Literature on mucinous adenocarcinomas in the last 20 years remains non-conclusive, and conflicting results persist in clinicopathologic features such as age, site, and stage of disease at presentation as well as survival compared with ordinary adenocarcinomas (OA). The incidence of these mucinous lesions in Western populations ranges from 9.6% to 25.4% [310], while incidences in Asian populations range from 3.9% to 11.7% [1116]. Signet ring cell lesions were first described by Laufman and Saphir [17] and predominantly occur in the stomach. The overall incidence of SRC in the colon and rectum is thus rare, and their incidence ranges from 0.4% to 1.2% [5, 9, 1113]. The inconsistent differences in outcome and survival may in fact be due to a difference in biology of mucinous and SRC lesions in Asian populations vs Western populations.
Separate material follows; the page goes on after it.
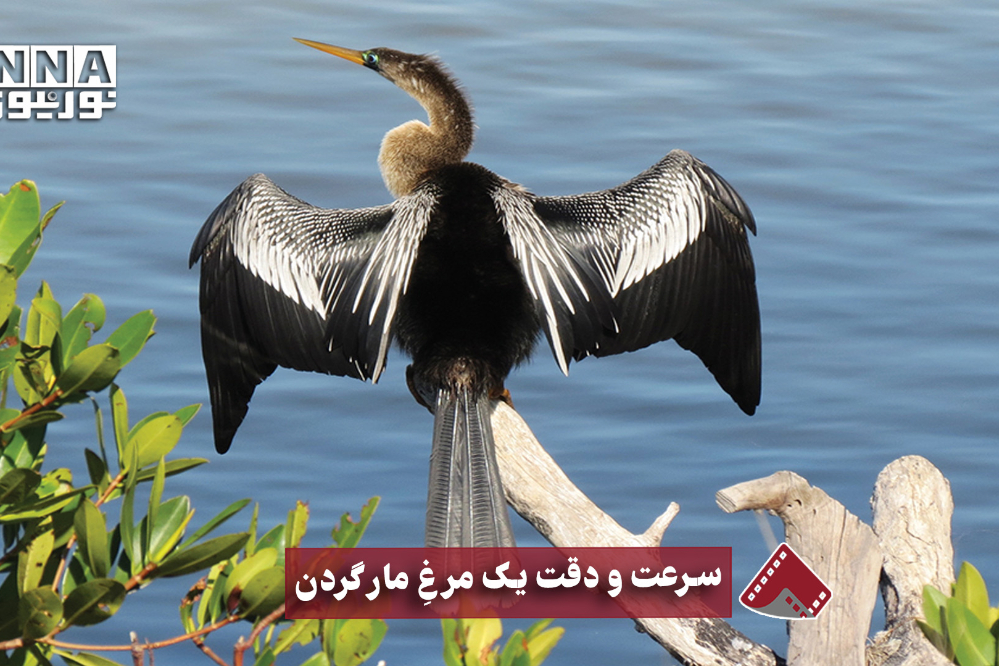 نورنما | سرعت و دقت یک مرغ مار گردن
To examine this possibility, we investigated the outcomes of our own population and compared these together with outcomes previously reported.

Methods

Patient population

This study was approved by the Institutional Review Board of Singapore General Hospital. Clinicopathologic and follow-up data of 2,764 consecutive patients, who had surgical resection for primary colorectal cancer from January 1999 to December 2005, were retrieved from a prospectively recorded computer database. Patients who presented with recurrent cancer, inflammatory bowel disease, familial adenomatous polyposis, and positive family history suggestive of hereditary non-polyposis colorectal cancer by Amsterdam I & II criteria [18] were excluded.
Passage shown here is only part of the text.